TASK DIRECTIONS — Excluding images, repeat the data exactly as given.

RECORDED DATA —
****************************************

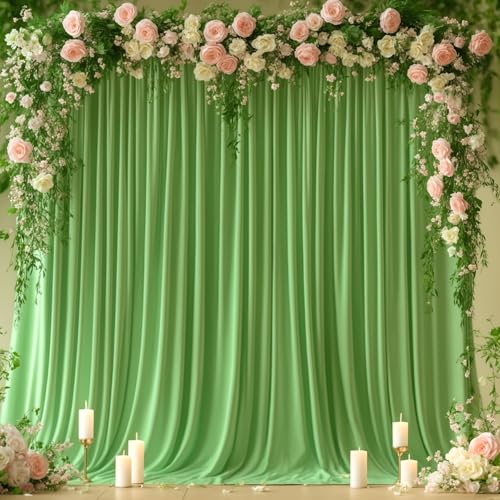 Cortinas de fondo verde salvia 8x10 pies para fiestas miniatura 1
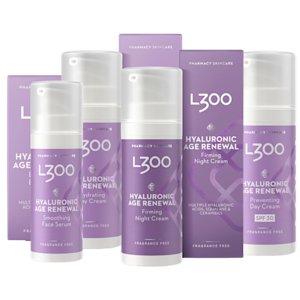 L300 Hyaluronic Age Renewal – serum samt dag- och nattkrämer med hyaluronsyra, oparfymerade.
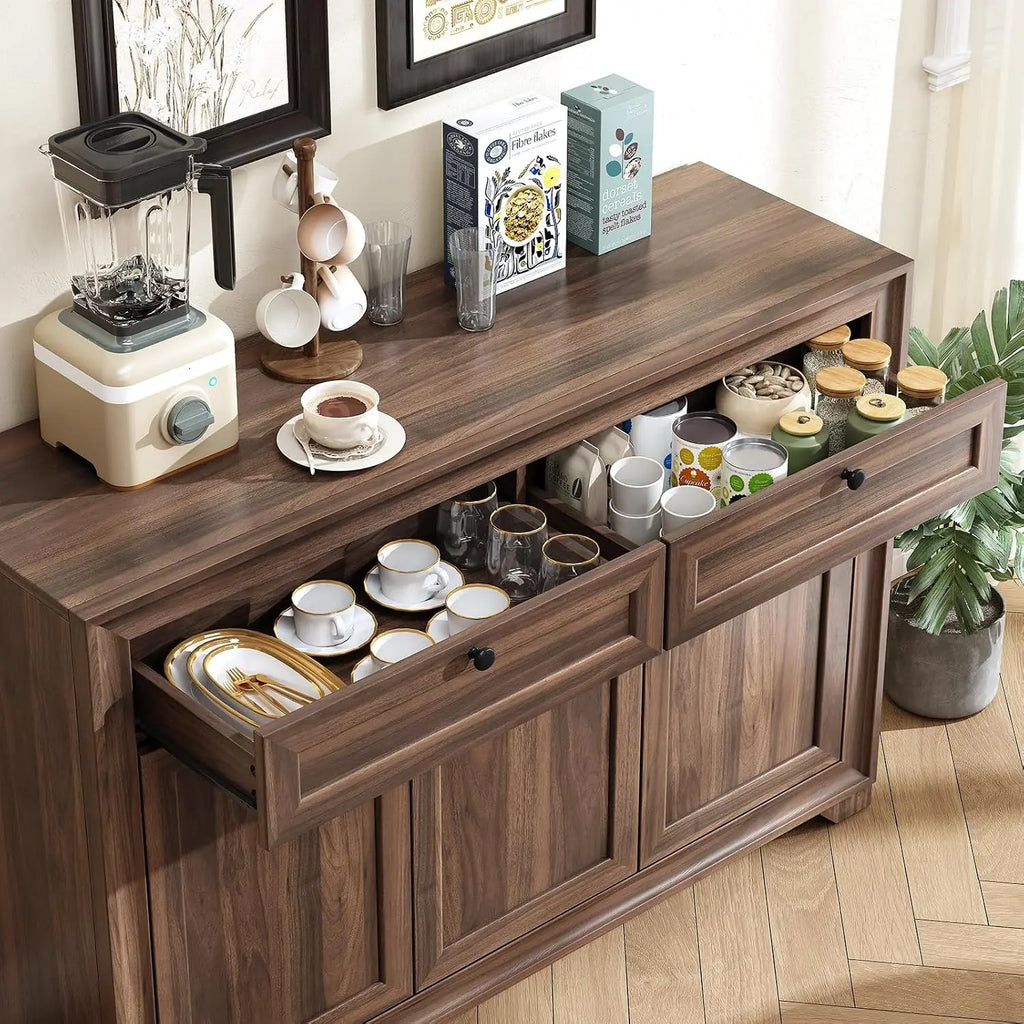 Two open drawers on the Olive Brown sideboard, shown with tableware.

****************************************

EXERCISE SOLUTION —
 Cortinas de fondo verde salvia 8x10 pies para fiestas miniatura 1
 L300 Hyaluronic Age Renewal – serum samt dag- och nattkrämer med hyaluronsyra, oparfymerade.
 Two open drawers on the Olive Brown sideboard, shown with tableware.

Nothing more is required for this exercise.